Es ist leicht einzusehen, daß der zweite Fall der ist, der für den Harleymotor gilt, denn die Abnahmemenge darf zunächst bei betriebswarmem Motor als konstant betrachtet werden.
Aus dieser Erkenntnis und aus 1. lassen sich schön folgende Beobachtungen ableiten: Bei kaltem Motor mit 50er Öl produziert die Ölpumpe einen tierischen Druck. Begründung: das zähflüssige Öl verstopft regelrecht alle Engstellen und macht so das eigentliche Verbrauchersystem (Kurbelwelle, Köpfe, Hydros) wenig durchlässig. Der hohe Druck, der zunächst als vorteilhaft erscheint, geht voll auf Kosten der Endverbraucher, die in dieser Phase eigentlich zu wenig Öl bekommen.
Mit steigender Temperatur und zunehmender Verflüssigung des Öls fällt der Druck, weil das Verbrauchersystem zunehmend durchlässiger wird. Nun steigt auch die Ölmenge an den eigentlichen Verbraucherstellen.
Mit 20W-50er und 50er Öl läuft ähnliches ab, nur das Aufgrund der geringeren Viskosität des 20W50 hier der Anfangsdruck nicht so hoch ist und von vorneherein mehr Öl zu den Endverbrauchern gelangt.
Daher die erheblich bessere Kaltlaufschmierung des 20W50er Öls. Bei Betriebstemperatur unterscheidet sich diese Öl eigentlich nicht mehr wesentlich vom 50er.

Das Phänomen, daß der Öldruck bei heißem Motor im Leerlauf häufig auf Null zusammenbricht und bei Drehzahl wieder ansteigt erklärt sich so:
Bei vielen Motoren sind bestimmte Eckpunkte nicht in Ordnung. Zum einen wird original viel zu viel Öl in die Zylinderköpfe gepumpt, zum anderen sind in der Regel die Pinionshaftbuchse und die Pleuellager ausgelaufen. An diesen Stellen tritt massiver "Ölverlust" auf, der die Abnahmemenge erheblich vergrößert.
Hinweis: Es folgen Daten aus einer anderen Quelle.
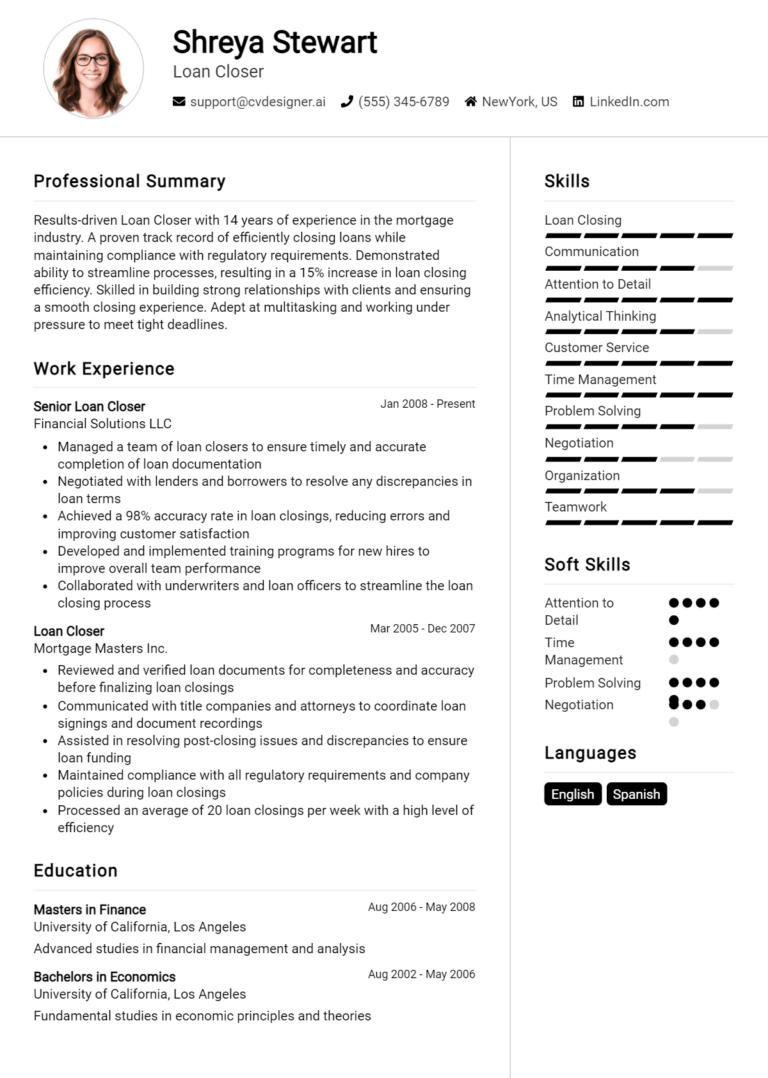 Loan Closer Resume Example for 2025: Best Tips & Templates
Bei Leerlaufdrehzahl reicht die Fördermenge der Pumpe nicht aus, um gegen diese Abnahmemenge noch Druck aufzubauen. Erst bei höherer Drehzahl stellt sich wieder Druck ein. Viele Leute glauben, daß Ihre Ölpumpe defekt sei und kaufen sich dann Zubehörpumpen, die dieses Phänomen aber meistens auch nicht wesentlich verbessern, weil eben die Ursache wo anders liegt.

Abschließend möchte ich noch den Ölhaushalt eines gut gebauten Motors schildern (Beispiel Shovel mit modifiziertem Ölkreislauf auf Stand 1973up mit 20W50er Öl): Kaltstart: Öldruck etwa 40 bis 60psi Öldruck verringert sich innerhalb kurzer Zeit mit steigender Temperatur. Öldruck pendelt sich bei Betriebstemperatur und unter Drehzahl auf etwa 25 bis 30psi ein (über den Steuerzylinder der Ölpumpe reguliert). Und jetzt das Erschreckende: beim Übergang in den Leerlauf fällt der Öldruck je nach Toleranzen an den kritischen Stellen zwischen 5 und 15psi ab, aber eigentlich nicht auf Null!!! Dieses Öldruckverhalten zeigt, daß ein Motor richtig modifiziert wurde und an den richtigen Stellen enge Toleranzen bearbeitet wurden.